Enter the maze

Changing the face of the Earth

A cliff in the shape of a face

We tend to think of a jigsaw these days as being a gentle pastime – or a psychotic serial killer in the Saw movies. But being able to put the pieces together in one particular jigsaw has helped us understand the planet we live on and how it will look in the future.

Put it together

Way back in the 1500s a Flemish map-maker called Abraham Ortelius noticed something strange about the shape of the world. If you took the shapes of the continents and moved them around, they all seem to fit together. For example, South America kinda fits into the bend in the west side of Africa, just like jigsaw pieces. It wasn’t till the 1900s, when meteorologist Alfred Wagner added some significant extra layers to the puzzle, that scientists began to realise that all the land on the Earth had once been joined in a giant super- continent called Pangaea. Areas of ancient rock and mineral belts matched across the continents, the scars and debris caused by ancient icy glaciation were shared, and the fossil sequences were the same. These tell-tale fingerprints all helped to support the idea that today’s separate continents had once been joined together.

As if!

At first, as is always the way when new ideas come along, scientists didn’t believe it. However as time passed, and more information became available, the idea of continental drift became accepted. Studies in paleomagnetism, the study of the magnetic properties of rock, showed either the continents had moved or there were two North Poles. Since, well, there’s only one North Pole, it looked like maybe the continents really had moved. It wasn’t an easy ride, though. Most scientists at the time worked in the northern hemisphere, where the evidence was less obvious. More importantly no one agreed on how the continents had drifted apart in the first place. Continents didn’t move – you just had to look at them. See, nothing moves! It was only when the clever idea of plate tectonics came around that the final piece was put into the jigsaw. Plate tectonics was the discovery that we live on a load of floating plates – rocky rafts that drift around on the molten liquid at the core of the earth. These rafts could move when the squiggly lava contents below squeezed up through cracks, pushing them apart.

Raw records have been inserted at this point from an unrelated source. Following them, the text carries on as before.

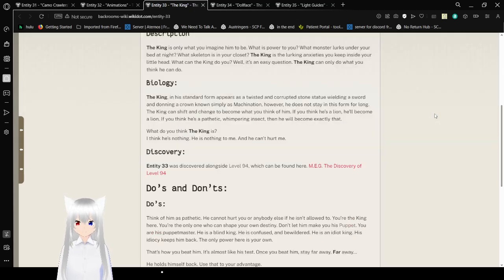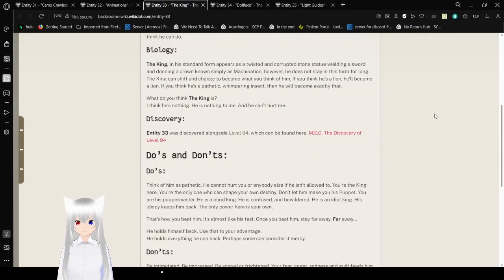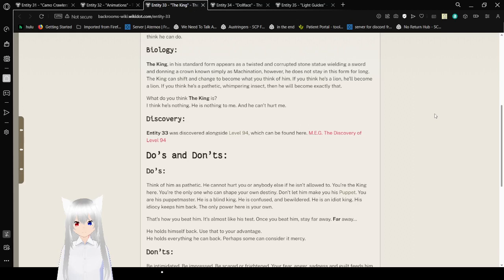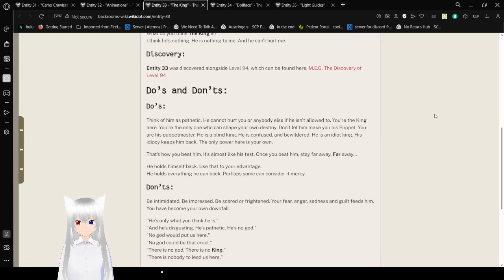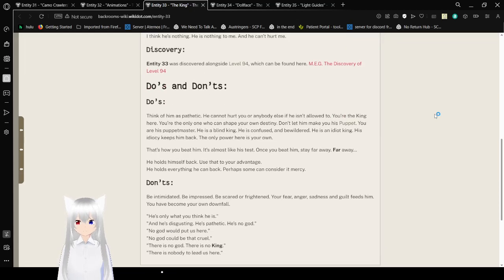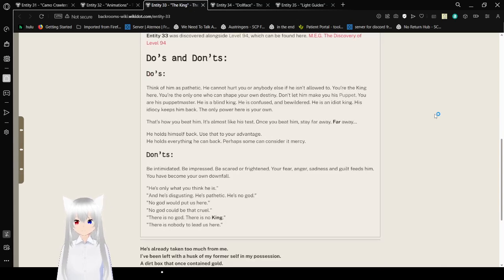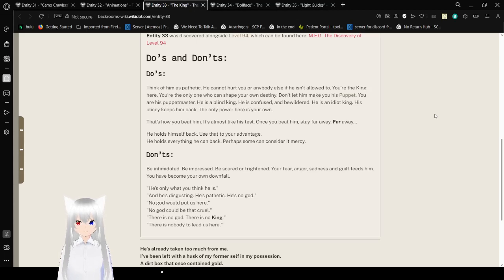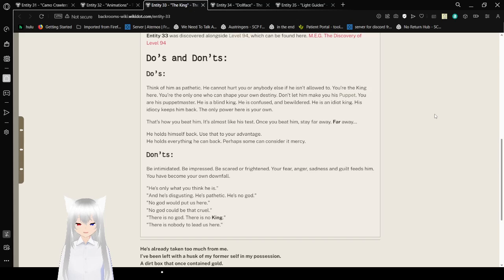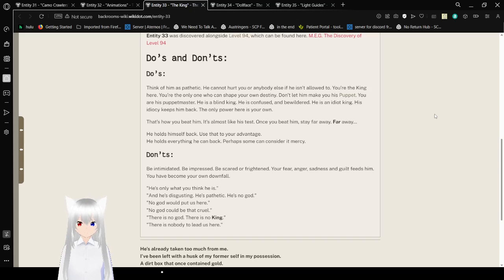Entity 33 was discovered alongside Level 94, which can be found here in the MEG Discovery Log. Do's and Don'ts: Do think of him as pathetic. He cannot hurt you or anybody else if he isn't allowed to. You're the king here. You're the only one who can shape your own destiny. Don't let him make you his puppet. You are his puppet master. He is a blind king. He is confused and bewildered. He is an idiot king. His idiocy keeps him back. The only power here is your own. That's how you beat him. It's almost like a test. Once you beat him, stay far away. Far away. He holds himself back. Use that to your advantage. He holds everything he can back. Perhaps some can say it's a bit of mercy.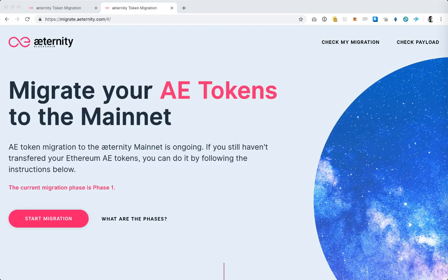Welcome to the Eternity token migration tutorial. In this tutorial we're going to use the Ledger Nano S to send the ERC20 Eternity tokens to the token migration web application, and then on the other side we're going to receive them again on the Ledger Nano S in the Eternity app, and those will be the tokens of the Eternity blockchain.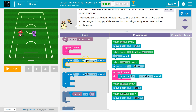Otherwise, it just skips over it. So it checks this — you're saying, hey computer, is this thing going on? And if it is, run this code in here. Otherwise, it's not going on, and the computer jumps over it.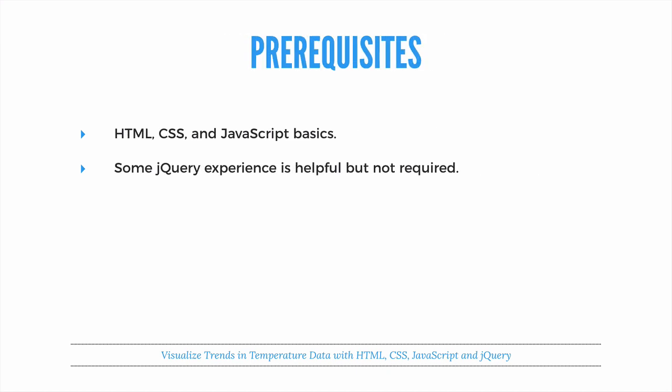The prerequisites for this course are HTML, CSS, and JavaScript basics, and if you have some jQuery experience, that would be helpful.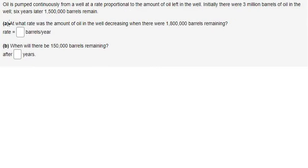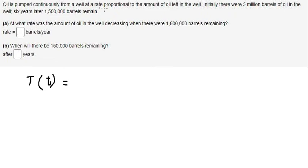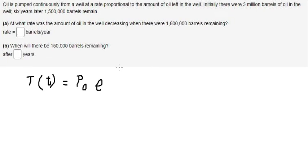I will show you how to answer question A. To answer question A, we need to create a function. I will define the total amount of oil after time t. Because this is about proportional, we will have B(t) equals B₀ — the initial value — times e to the power of R·t, where R is the rate and t is the time.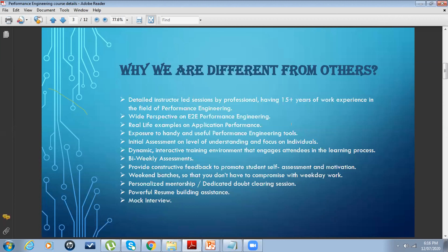Bi-weekly assessment is different from initial assessment. Initial assessment is a one-time activity, while bi-weekly assessment happens every two weeks with quizzes and Q&A to help you understand where you are during the course. We will not only teach you but also provide constructive feedback - identifying your areas of strength and weakness, and helping you understand where to spend more time to improve yourself.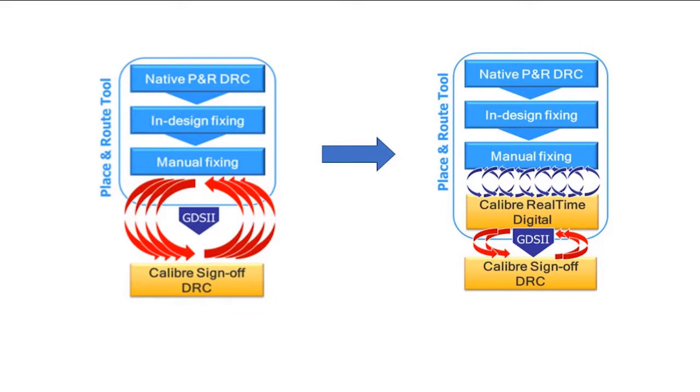Real-time digital can help alleviate this challenge. Real-time can enable designers to run window-based sign-off DRC.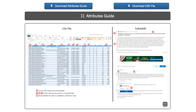Step 2. Before downloading your CSV file, please download and review the Reddit Attributes Guide. Then click on Download CSV File to download your data. You can open the CSV file with Microsoft Excel or Google Sheets.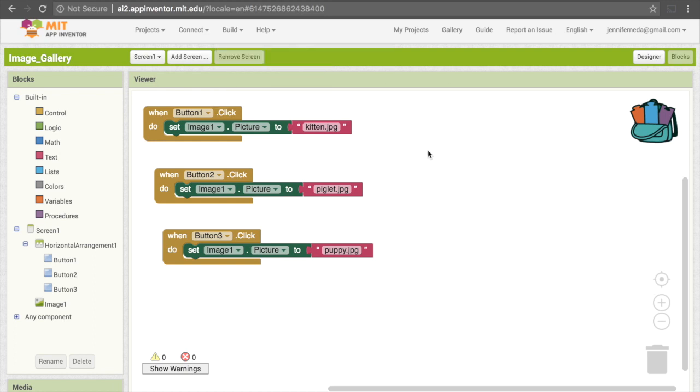Congratulations on building your app. I encourage you to continue to play around with this and see what else you can change, whether that's adding more images or having the buttons trigger additional events when the user clicks on them.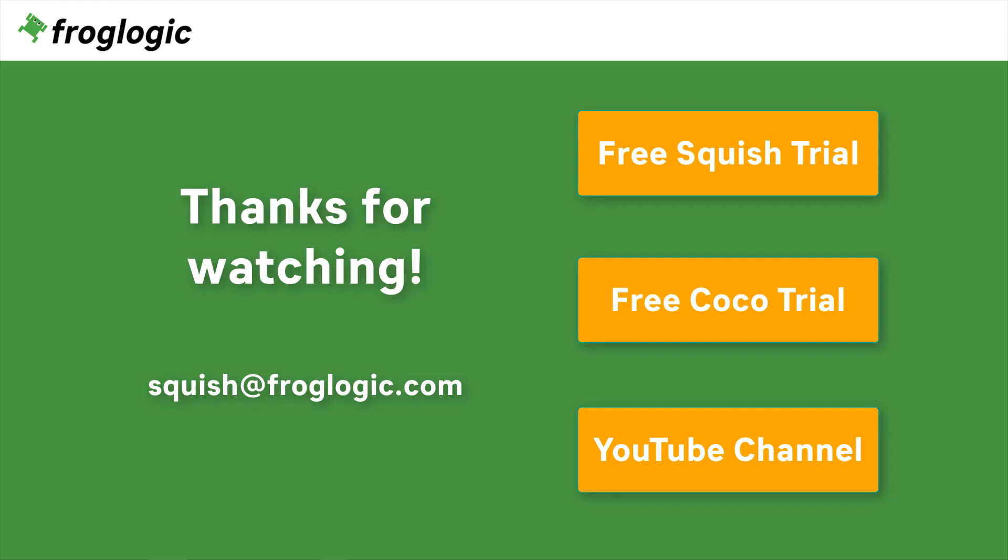Thanks for watching. If you have further questions get in touch with us by writing an email to squish at froglogic.com. You can check out squish on your own by requesting a free trial. You might also be interested in our second product COCO, which is a multi-language code coverage tool. Don't forget to check out our YouTube channel for more videos. Bye bye.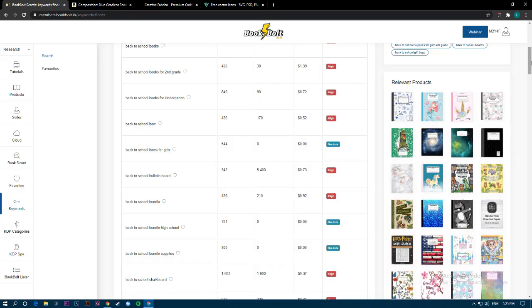Hey, hello everyone. I hope you're doing well. This video is about how you can use the Book Bolt designer to make designs for your no-content and low-content books as easily and fast as possible.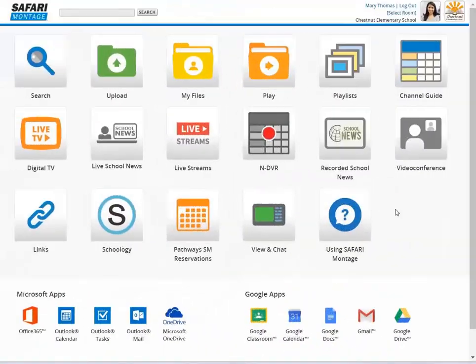So there's a quick look at the new features in Safari Montage. We're really excited about version 7. We hope you are too. Thank you.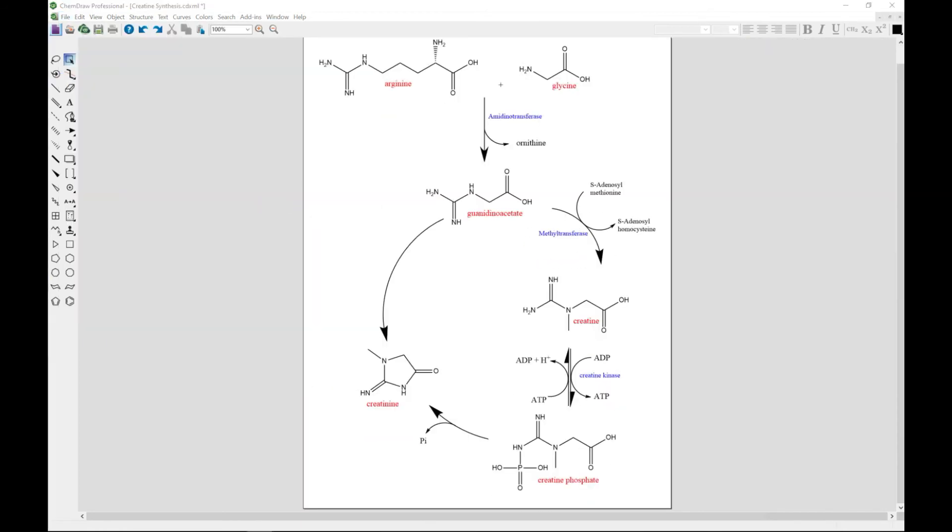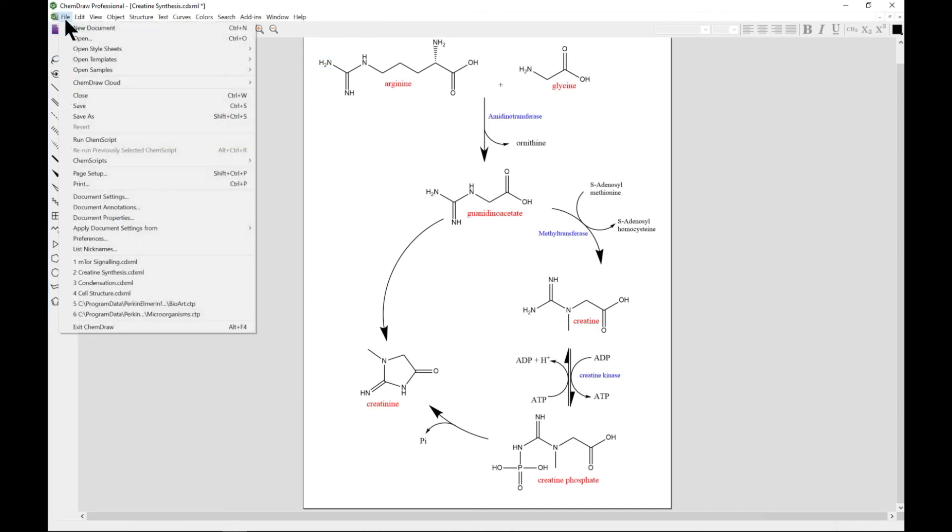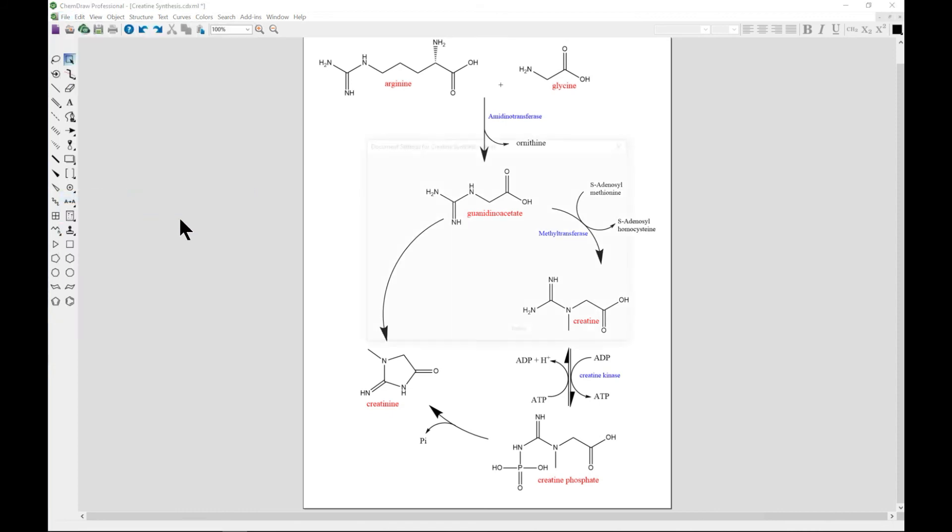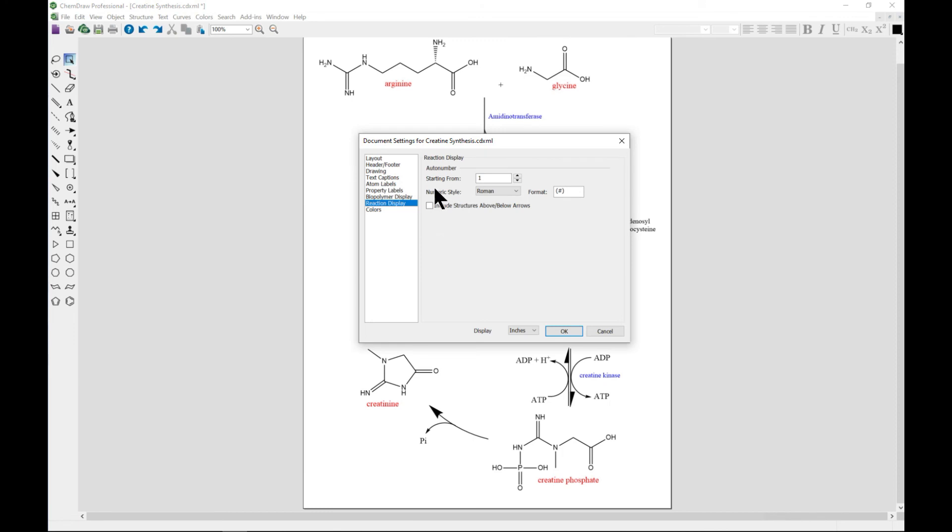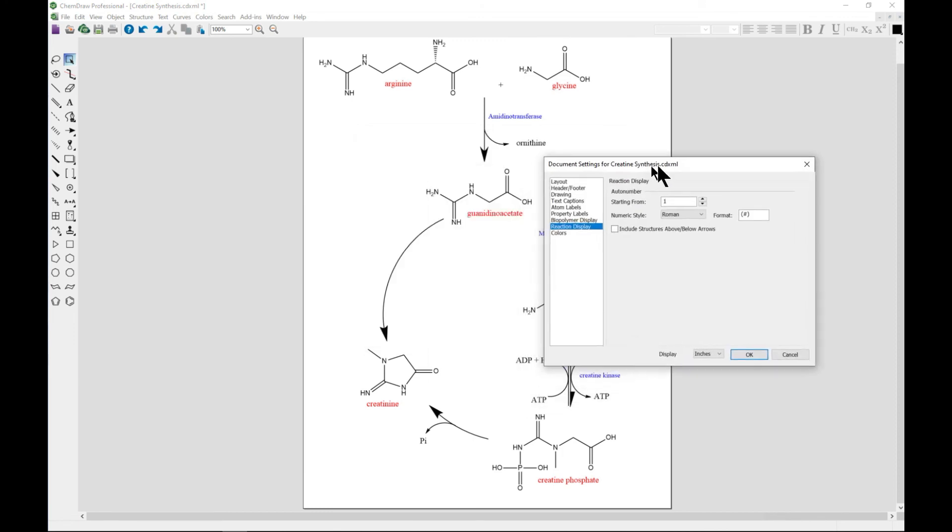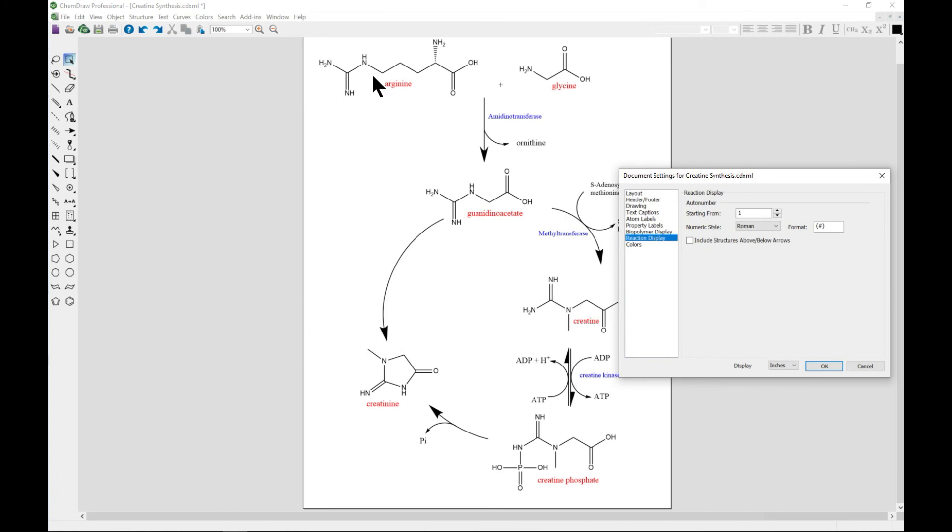Auto numbering reaction is also very important. Once you come to File, you can also come to Document Settings and add auto numbering to reactions. For instance, this is reaction one, two, three.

Coming soon to a planet near you

That’s the past, but what about the future? Continental drift happens, but at such a slow pace that humans never see it – even over generations. However it is possible to see the shape of the world to come. Computer scientists have created programs that mimic the way the plates will move over millions of years. Our future will definitely have a different shape as our continents drift, but predicted changes in sea level will also delete sections of familiar countries. The scientists may be showing us the possible faces of our future, but some of what it will look like is up to us.